Segment Start: Data in this exercise
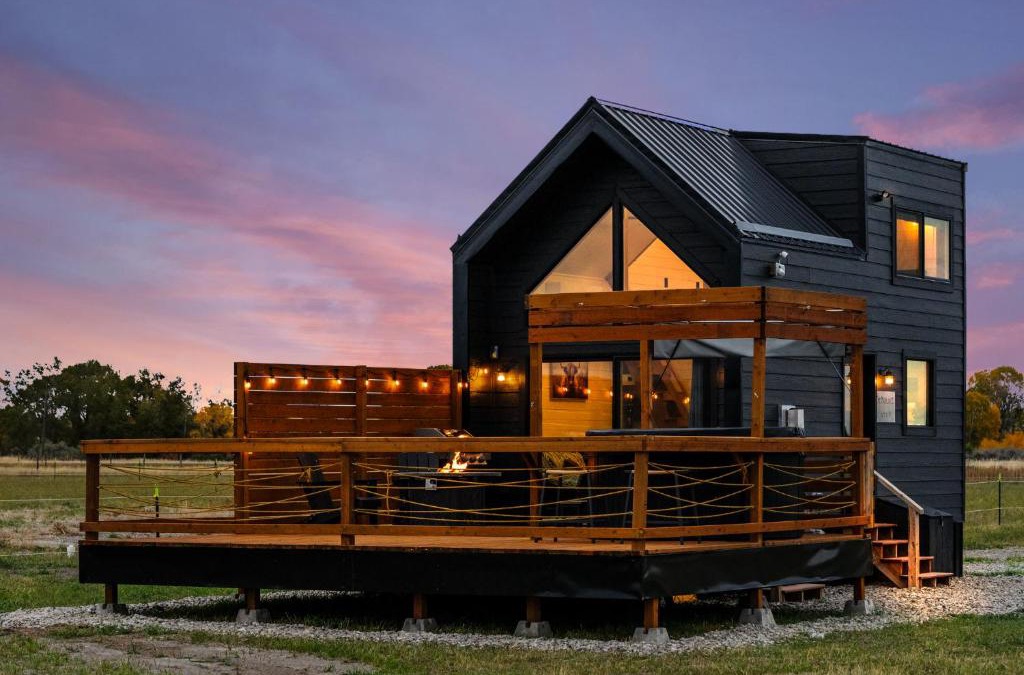 Bynum Apartment | Modern Tiny Cabin, with Hot tub in Choteau MT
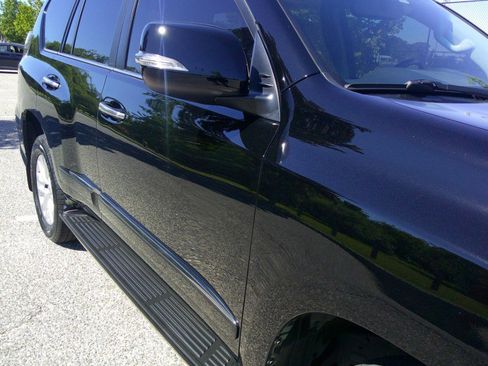 Used 2018 Lexus GX 460 Premium AWD/4WD image 13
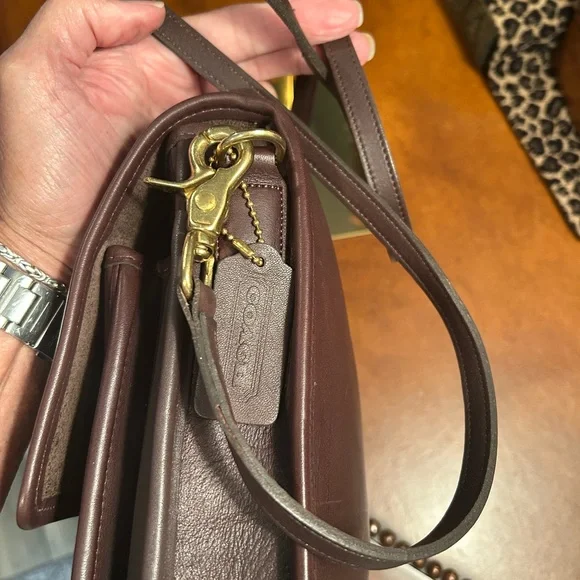 Coach Vintage Station Mahogany 1005-336
Made in US - Picture 10 of 12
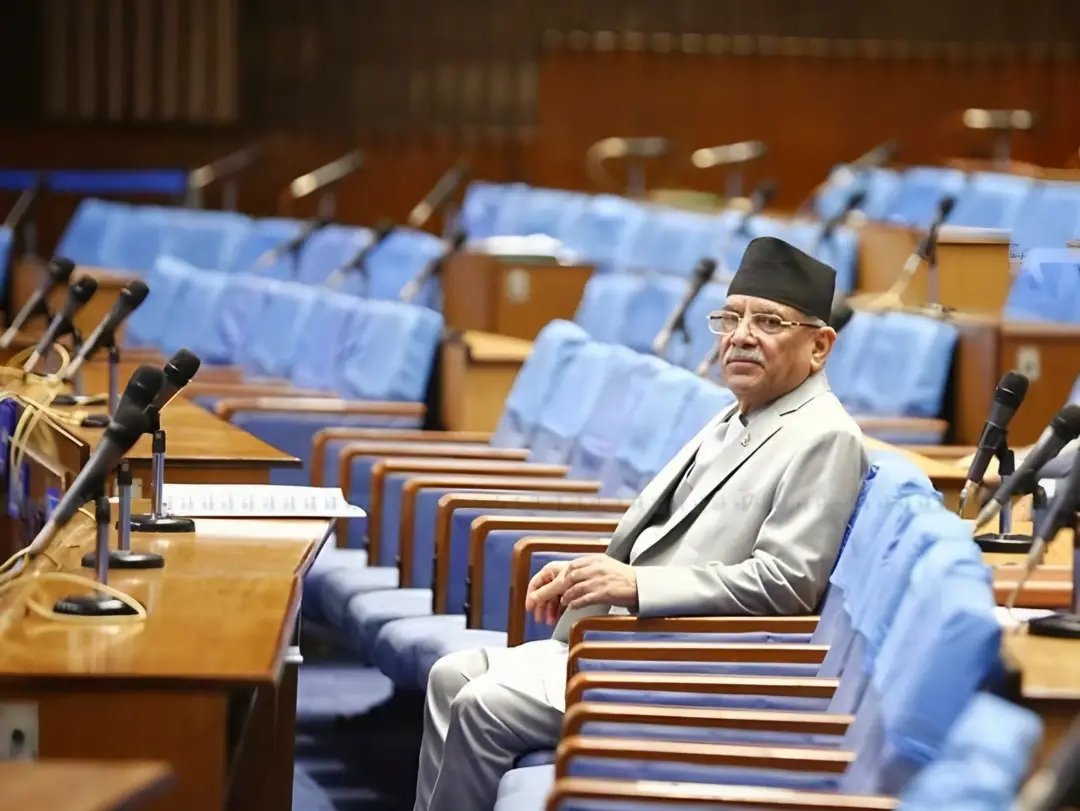 रेल अगाडि बडिसक्यो आउने आउँछ नआउने छुट्छ भन्थेँ उनी बाहेक सबै छुटेछन 😁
Segment End: Data in this exercise
- **Work required**
The copy you produce must repeat all the entries exactly and contain no pictures.

- **Problem solution**
 Bynum Apartment | Modern Tiny Cabin, with Hot tub in Choteau MT
 Used 2018 Lexus GX 460 Premium AWD/4WD image 13
 Coach Vintage Station Mahogany 1005-336
Made in US - Picture 10 of 12
 रेल अगाडि बडिसक्यो आउने आउँछ नआउने छुट्छ भन्थेँ उनी बाहेक सबै छुटेछन 😁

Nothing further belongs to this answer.